It is interesting to compare the level of social transfers across the EU Member States including and excluding pensions. In Denmark and Estonia, social transfers including pensions were only around 1.7 times as high as social transfers excluding pensions in 2017. However, in Greece the same ratio was much higher, as the value of social transfers including pensions was 8.7 times higher than social transfers excluding pensions. The next highest ratios were recorded in Romania and Portugal where transfers including pensions were next to 6 times as high as transfers excluding pensions.

2019-12-17__Eurostat Tavola 4

Social transfers were often targeted at nuclear families

Across the EU-28, median disposable income before social transfers was higher (PPS 14 086 in 2017) for persons living in nuclear households comprising two or more adults with dependent children than for the other two types of household.
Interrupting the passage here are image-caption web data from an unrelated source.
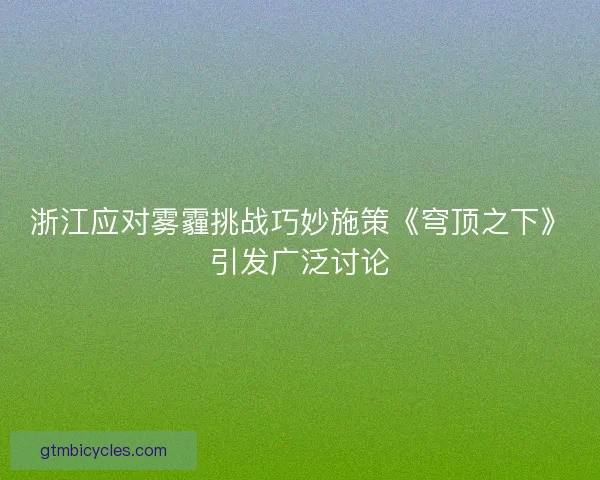 浙江应对雾霾挑战巧妙施策《穹顶之下》引发广泛讨论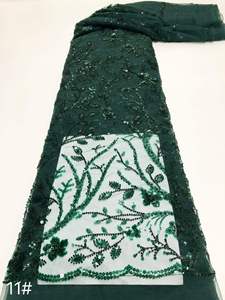 <span class=keywords><strong>Tissu</strong></span> en dentelle de tulle français brodé de perles et de sequins, motif végétal, <span class=keywords><strong>haute</strong></span> qualité, prix de gros abordable - Product Image 4
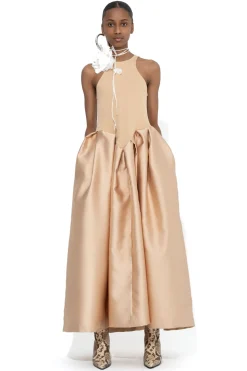 BEIGE FULL SKIRT TANK TOP DRESS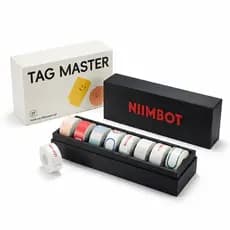 Kit Caixa Organizadora Preta Premium E Conjunto 9 Etiquetas Térmicas Niimbot Adesivas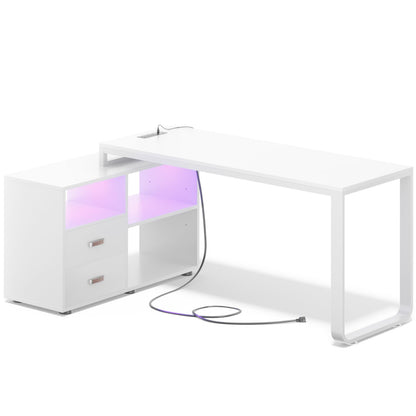 62" L Shaped Computer Desk with File Drawer, LED Lights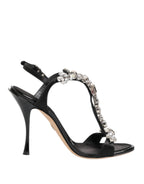 Dolce & Gabbana Black Keira Crystals Heels Sandals Shoes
This is shown in Table 4 (PPS 10 628 for those living in households with two or more adults without dependent children and was PPS 8 426 for those living in households composed of a single person with dependent children); note this analysis includes pensions.

This pattern held across each of the EU Member States, except for Slovakia, where those living in households with two or more adults without dependent children had a slightly higher level of disposable income (PPS 8 825 in 2017) than those living in households composed of two or more adults with dependent children (where median disposable income was PPS 583 lower).
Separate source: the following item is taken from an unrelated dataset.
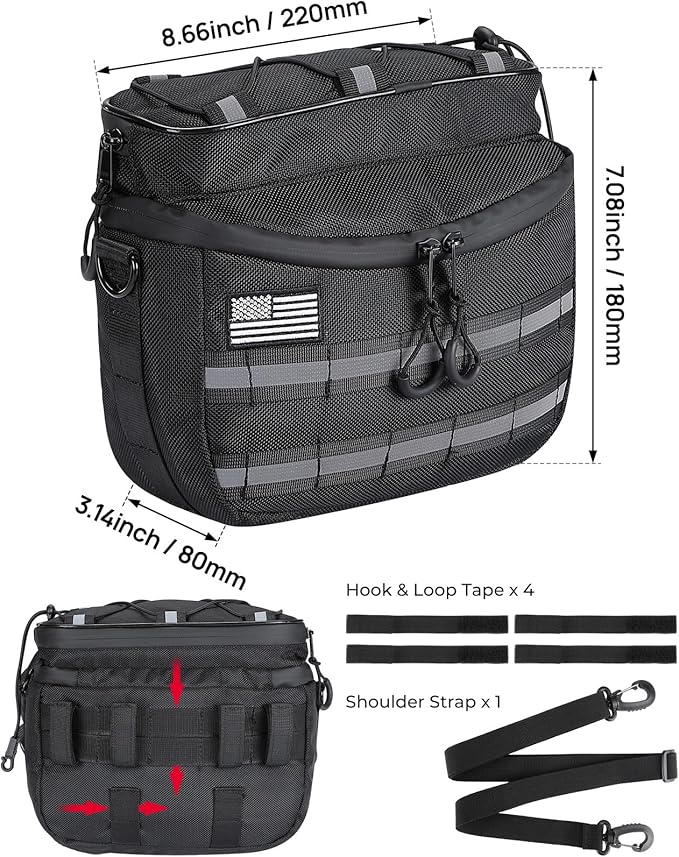 KEMIMOTO Motorcycle Handlebar Tool Bag with Reflective Strips 2.5L Bicycle Handle Bar Bag Sissy Bar Front Fork Storage Pouch Compatible with Cruiser Softail Dyna Sportsters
The impact of social transfers was considerable, as the level of median disposable income for those living in EU-28 households composed of two or more adults without children rose to PPS 18 815 in 2017, some 77.0 % higher than before social transfers (PPS 10 628). For comparison, social transfers led to a 50.4 % increase in the median disposable income of those people living in households composed of a single person with dependent children. The impact of social transfers was considerably lower for those people living in households composed of two or more adults with dependent children (up 15.3 %).

The re-distributive impact of social transfers generally resulted in the highest levels of median disposable income (after social transfers) being recorded for those people living in households that were composed of two or more adults without dependent children. This pattern held across all but two of the EU Member States in 2017; the only exceptions were Denmark and Estonia— where the highest levels of median disposable income were recorded for people living in households composed of two or more adults with dependent children.
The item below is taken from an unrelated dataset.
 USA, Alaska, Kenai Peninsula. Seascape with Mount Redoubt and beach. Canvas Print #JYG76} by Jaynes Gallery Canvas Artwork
A comparison of median disposable income before and after social transfers reveals that most governments chose to direct the greatest share of their support — in the form of social transfers — towards households with two or more adults without dependent children. For example, the median disposable income among those people living in this type of household in Greece rose from PPS 3 312 to PPS 9 692 as a result of social transfers (an increase of 293 %). Social transfers also resulted in median disposable incomes doubling, or more, for those people living in households with two or more adults without dependent children in Luxembourg, Portugal, Belgium, France, Italy, Slovenia and Spain. A similar situation was recorded in Serbia.

In Ireland and the United Kingdom, social transfers were targeted more towards single-parent households

There were two exceptions to this pattern, where the impact of social transfers was felt more by those people living in households composed of a single person with dependent children. In particular, median disposable income in Ireland rose by 268.9 % in 2017 as a result of social transfers for single-parent households (compared with a 63.0 % increase for people living in a household composed of two or more adults without dependent children, and a 15.4 % increase for people living in households with two or more adults with dependent children). The redistributive impact of social transfers was also felt most by single-parent households in the United Kingdom (where incomes rose by 244.2 % in 2017 as a result of social transfers).

In absolute terms, the highest increases in income were recorded for people living in Luxembourg in households with two or more adults without dependent children; they saw their income rise in 2017 by PPS 22 287 as a result of social transfers. There were also considerable increases in incomes for people living in this type of household in France, Belgium, Austria, Finland and Sweden, as social transfers resulted in median disposable income rising by more than PPS 10 000 in 2017.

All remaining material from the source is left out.